If, however, you fail to invoke this right by requesting a preliminary hearing within 10 days of receiving notice, it amounts to waiving this right.
Because the preliminary hearing represents an important legal right that can directly affect the outcome of your case, it’s important to have a better understanding of the process – and to have an experienced South Carolina criminal defense attorney by your side as you move forward.
What Does a Preliminary Hearing Accomplish?
For a case to proceed through the criminal justice process in South Carolina, there must be sufficient evidence for the prosecution to keep moving forward. Having sufficient evidence amounts to having what is known as probable cause for binding the defendant over to the grand jury for indictment.
Probable cause does not mean that the prosecution needs to establish your guilt, but instead means that there is enough evidence to convince a reasonable person that you could have committed the crime in question. Ultimately, a preliminary hearing represents the defendant’s legal right to address the matter of probable cause in the case against them.
What Happens at a Preliminary Hearing?
It is important to understand that your preliminary hearing is not a trial, and it is not heard by a judge. Instead, a magistrate will preside over the hearing, and you, as the defendant, are not even required to be there. In fact, you can neither testify nor present evidence at your preliminary hearing.
At the preliminary hearing, the prosecution generally calls a witness, such as the arresting officer or the chief investigating officer, to testify in relation to probable cause in the case. The preliminary hearing is unique in that hearsay evidence – or evidence that the witness heard from someone else but did not actually witness themself – is allowed.
While your criminal defense attorney can cross-examine any witnesses at your preliminary hearing, the line of questioning is limited to the matter of probable cause and cannot probe the full scope of the case.
Can Charges Be Dropped at a Preliminary Hearing?
After all the testimony and cross-examination is complete, the magistrate will review the testimony presented and determine whether the necessary probable cause is present, which means that the officer testifying had enough probable cause to charge and hold you in the first place.
If there is sufficient probable cause, the case will be bound over for trial, and if there isn’t, the case will be dismissed.
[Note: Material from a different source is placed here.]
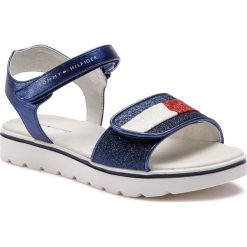 Sandały TOMMY HILFIGER - Velcro Sandal T3A2-30375-0627 D Blue 800. Niebieskie sandały dziewczęce TOMMY HILFIGER, ze skóry ekologicznej, bez zapięcia. Za 299,00 zł.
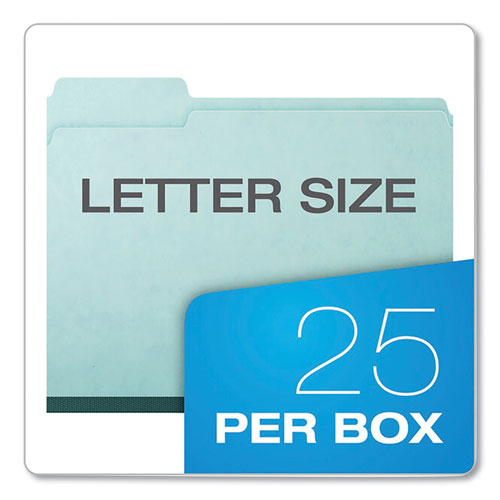 Pressboard Expanding File Folders, 1/3-cut Tabs: Assorted, Letter Size, 1" Expansion, Blue, 25/box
It’s important to note, however, that even if the case is dismissed, it can still be presented to the grand jury for indictment by the prosecution. All told, dismissals are rare, and when they do happen, the prosecution often chooses not to proceed to a grand jury.
The Benefits of a Preliminary Hearing
Charges generally aren’t dismissed at preliminary hearings because the standard of probable cause, which amounts to a sound suspicion, is so much lower than the standard at trial, which is beyond a reasonable doubt. Nevertheless, there is a range of important benefits that can be derived from a preliminary hearing, including:
- The opportunity to interact with the prosecution, which can provide your criminal defense attorney with a better idea regarding their stance and may lead to a beneficial plea deal
- The opportunity to hear the arresting officer’s side of the story and to question them on key points, which can inform your defense strategy moving forward
- The chance to have a charge reduced – in response to an arresting officer’s overreach
- The chance to have the charges dismissed – in those rare instances in which the standard of probable cause can’t be reached
- The chance to have the original bond reconsidered in terms of reducing the required amount or lessening the involved restrictions
Have an Experienced South Carolina Criminal Defense Attorney on Your Side
If you are facing a felony charge, availing yourself of your right to a preliminary hearing is in your best interest, and the formidable South Carolina criminal defense attorneys at Bannister, Wyatt & Stalvey in Greenville are standing by to help. Our dedicated legal team has a wealth of experience successfully guiding challenging cases like yours toward beneficial outcomes, and we’re also well-prepared to help you.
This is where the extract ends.